- **WHAT YOU WILL DO**
Of the entries below, copy only those lines that contain the word "Design".

- **DATA FOR REVIEW**
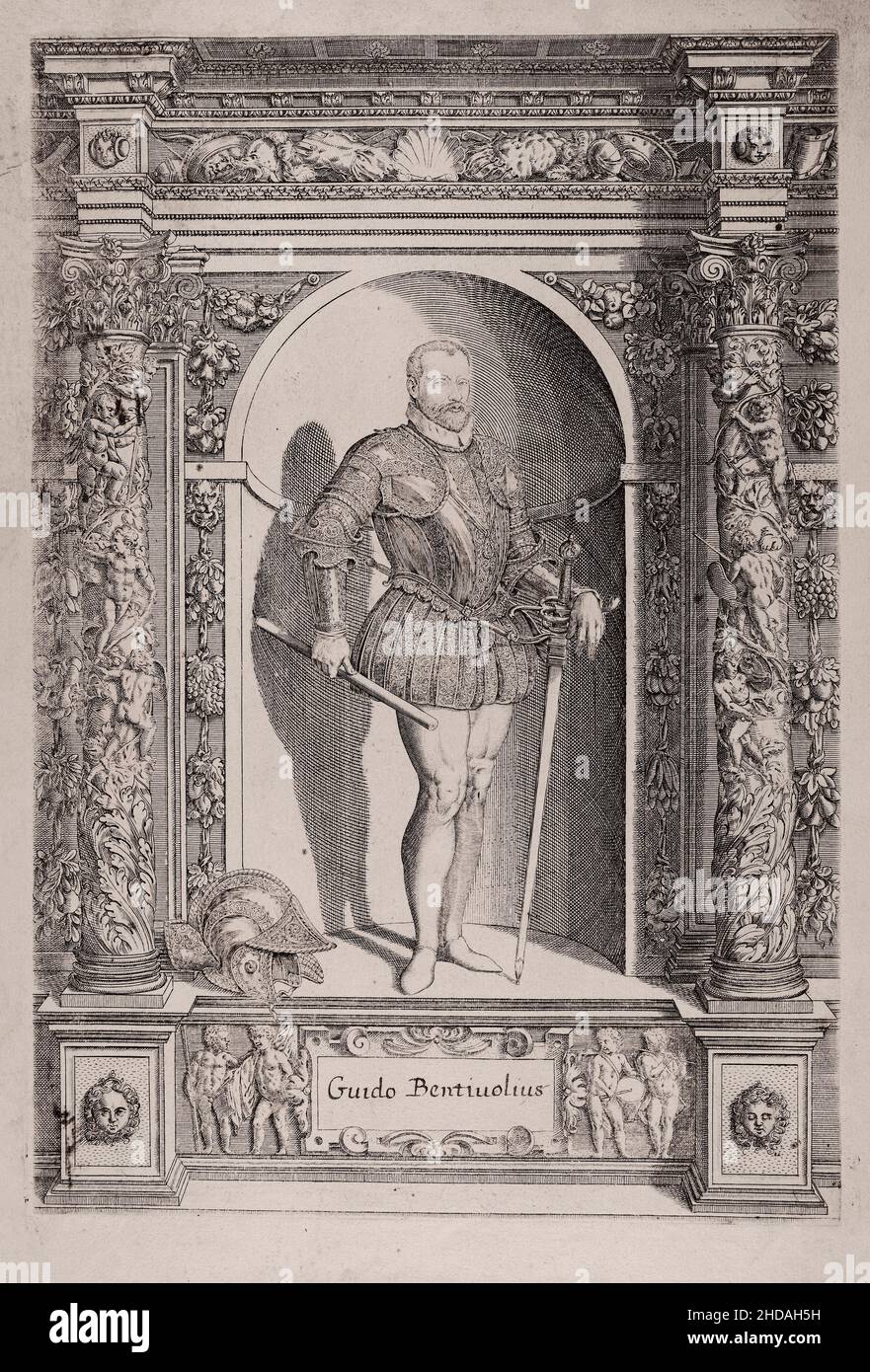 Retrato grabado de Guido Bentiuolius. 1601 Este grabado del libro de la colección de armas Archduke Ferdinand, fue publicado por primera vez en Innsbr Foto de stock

---

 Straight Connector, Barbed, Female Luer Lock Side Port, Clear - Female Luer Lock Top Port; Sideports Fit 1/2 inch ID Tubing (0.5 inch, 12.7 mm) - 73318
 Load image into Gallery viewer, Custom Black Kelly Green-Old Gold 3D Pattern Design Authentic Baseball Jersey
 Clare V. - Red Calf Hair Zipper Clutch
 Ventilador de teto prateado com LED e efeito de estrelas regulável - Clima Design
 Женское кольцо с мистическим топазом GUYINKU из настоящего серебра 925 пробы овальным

- **TASK ANSWER**
 Load image into Gallery viewer, Custom Black Kelly Green-Old Gold 3D Pattern Design Authentic Baseball Jersey
 Ventilador de teto prateado com LED e efeito de estrelas regulável - Clima Design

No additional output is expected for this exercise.